3. Indian Approach : The Indian approach of lesson-planning has the major influence of both earlier approaches. The learning objective. Teacher-activities, student-activities and evaluation of student are crucial aspects of lesson-planning. The Regional Colleges of Education NCERT have made great efforts in this direction. The Regional College of Education Mysore has developed a paradigm of lesson plan. It consists of teaching objectives and learning experiences. The question answer strategy is followed in developing lesson plan, because teaching is considered as an interactive process. The classroom interaction among teacher and students can be encouraged by this strategy of teaching. In most of training colleges the lesson. Planning is based on Herbartian Approach.

The lesson-planning approaches may be classified into two categories on the basis of lesson-plan structures :

(a) Macro Approach : The focus of Macro-approach of lesson planning is the development of students and their modification of behaviours. The size of topic, size of class and size of period are usually large. More than one objectives are achieved with the help of Macrolesson-plan. The cognitive., conative and affective-learning-objectives can be achieved by one teaching- practices. This paradigm of lesson considers the general classroom teaching activities or teacher behaviours, the specific teaching, skills are not included in this approach.

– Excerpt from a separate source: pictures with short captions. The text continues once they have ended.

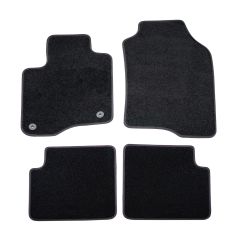 J&J AUTOMOTIVE | PREMIUM Tapis De Sol Noir Velours Sur Mesure Pour Panda 2012-2016 4pcs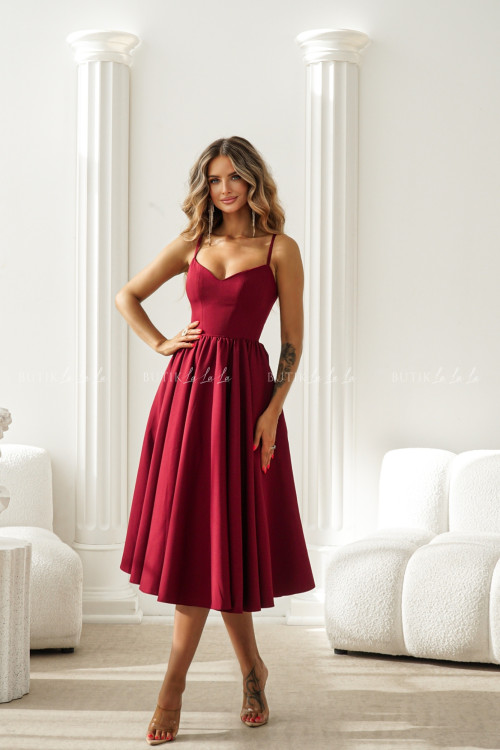 Sukienka midi bordowa Norway 6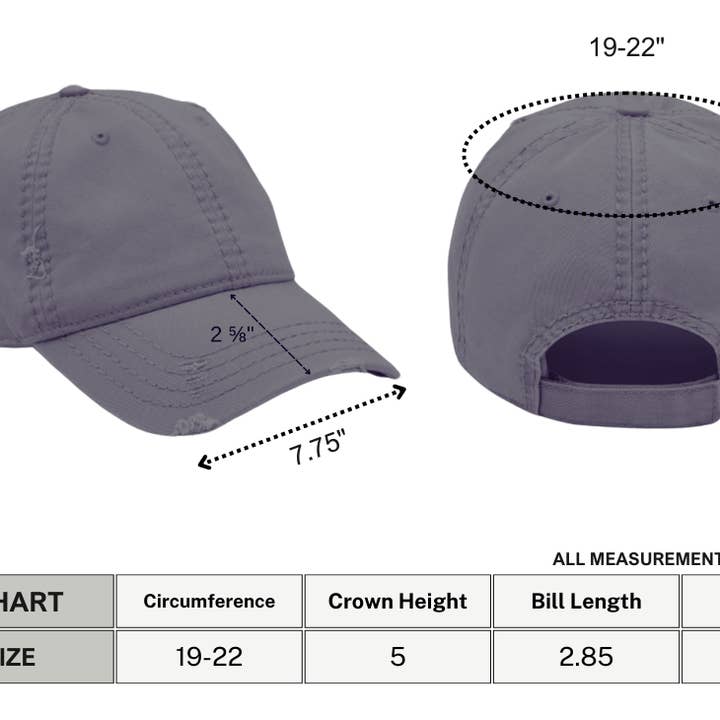 Goth Cloth Co. - Wholesale Baseball Cap - Unisex - Elder Emo Distressed Dad Cap3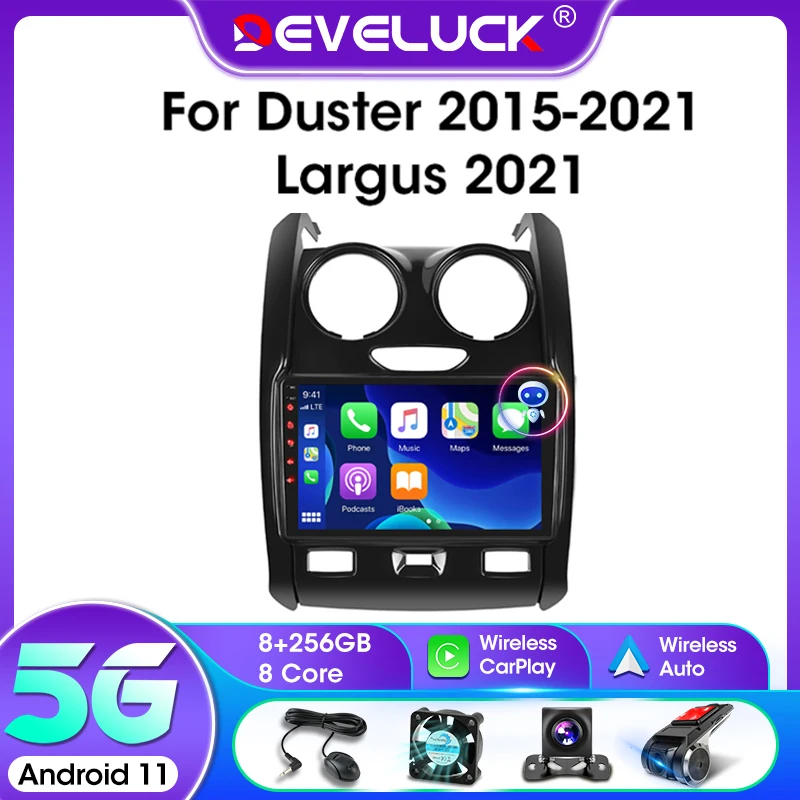 

2 din Android Car Radio For Renault Duster 2015 - 2021 For LADA Largus 2021 Multimedia Video Player Navigation GPS Carplay dvd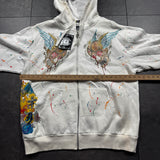 Deadstock 2000s Rhinestone Skull Hoodie (XXL)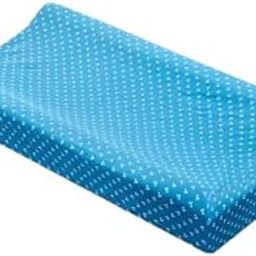 ZIKKU Crib Cot Sheet, Baby Diaper Changing Pad Cover - 100% Soft Cotton, Hypoallergenic & Breathable, Ultra Absorbent, Removable & Machine Washable, Elegant Blue with White Dots Design-picture-14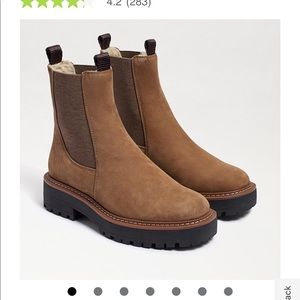 NWT, Best selling Sam Edelman Laguna Chelsea waterproof boot in Tobacco color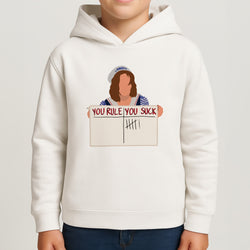 You Suck Tally Kids Hoodie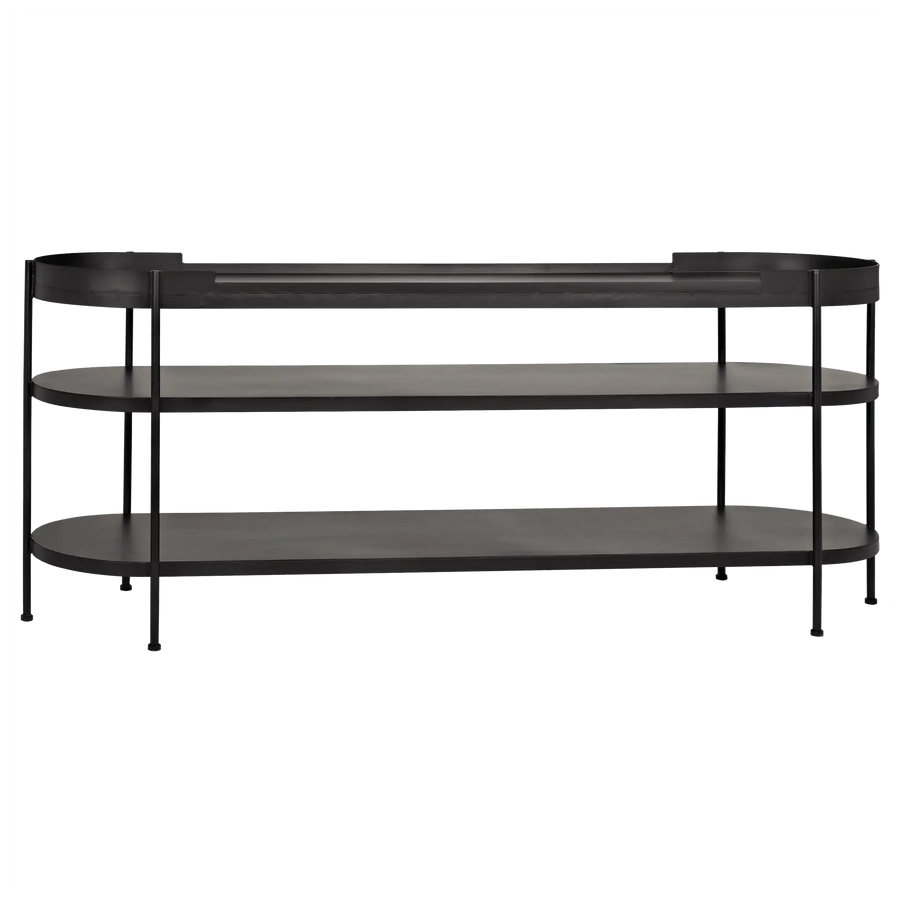 SwayLiving Cassio Console, Black Steel CONSOLE TABLES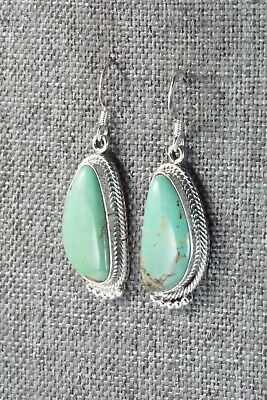 Turquoise & Sterling Silver Earrings - Lee Shorty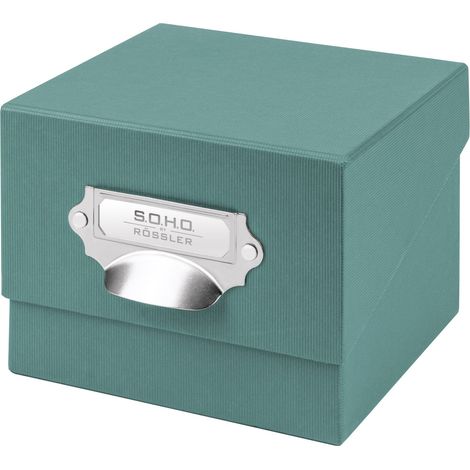 Boîte de rangement pour photos 17 x 15 x 13 cm Opale (1/5)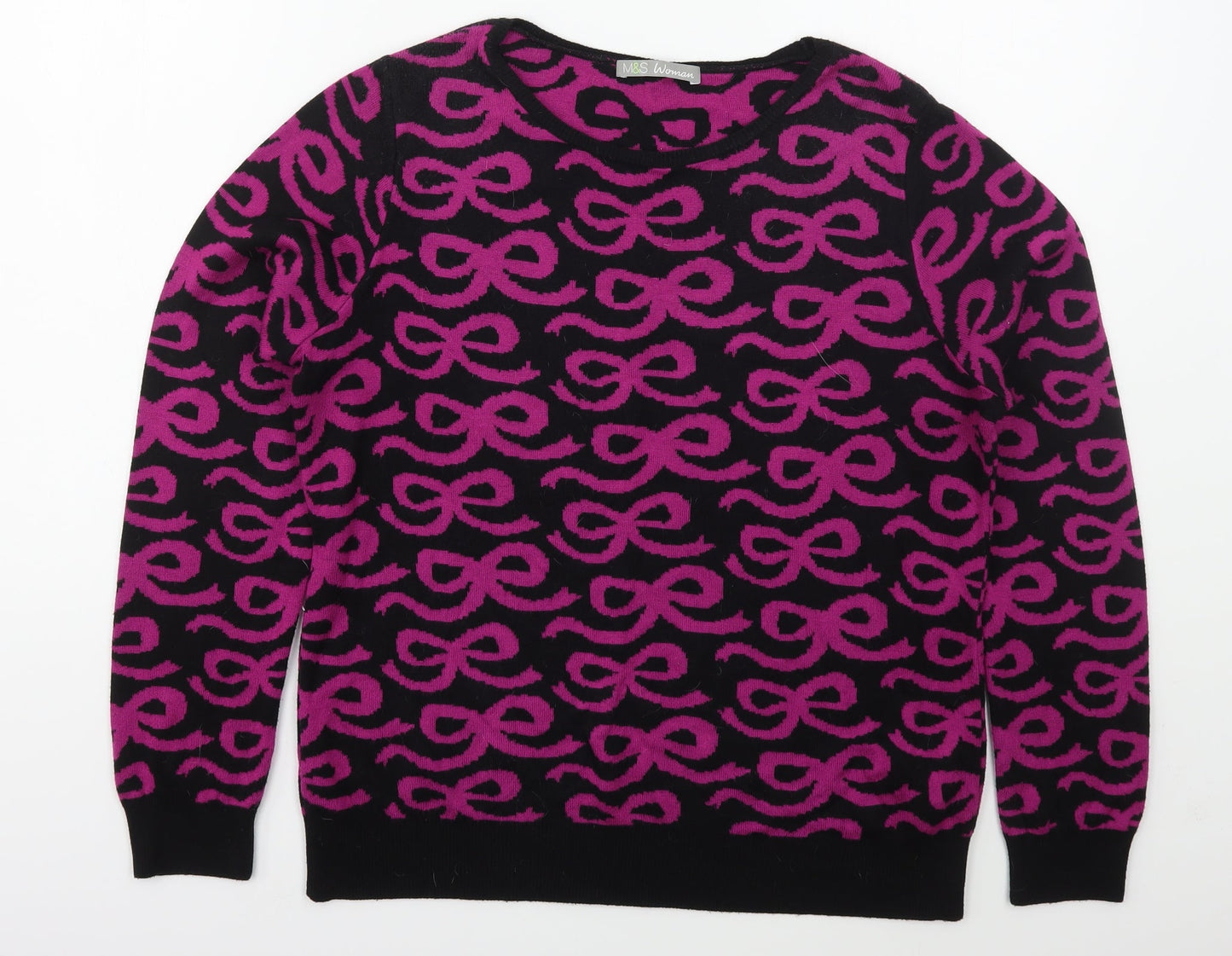Womens UK Size 14 Marks and Spencer Black Pullover Jumper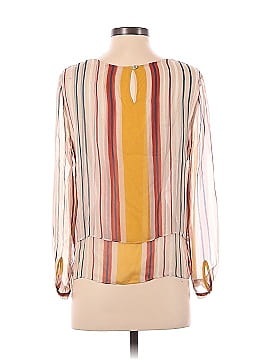 Maeve by Anthropologie Long Sleeve Silk Top (view 2)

(b) Micro-Approach : It is the recent innovation in the field of teacher-education. The micro approach is employed in lesson-planning micro-teaching for the modification of teacher behaviour. Its focus is to develop the specific teaching skills rather than to bring desirable change among students. It is a real classroom teaching. The micro-lesson means to reduce the size of the topic to be taught, the size of class and the size of the period. It is designed to develop one teaching skill at a time. It is used in written and oral form for the modification of pupil-teachers and also for the in-service teachers.

(c) Unwritten Form Approach : The unwritten lesson plans are developed by the in-service teachers. They develop the outline of his teaching activities at their cognitive level, before entering in the classroom. The written lesson plans are generally rigid because pupil-teachers have followed the rigidly for developing in teaching efficiency whereas unwritten lesson-plans are relatively flexible and such lesson-plans are used by the in-service teachers. They develop tentative outline of their teaching activities, therefore, it can be changed according to the classroom situations and needs of the students. It is essential even for a more experienced teacher to develop an outline of teaching takes at his cognitive level before his teaching.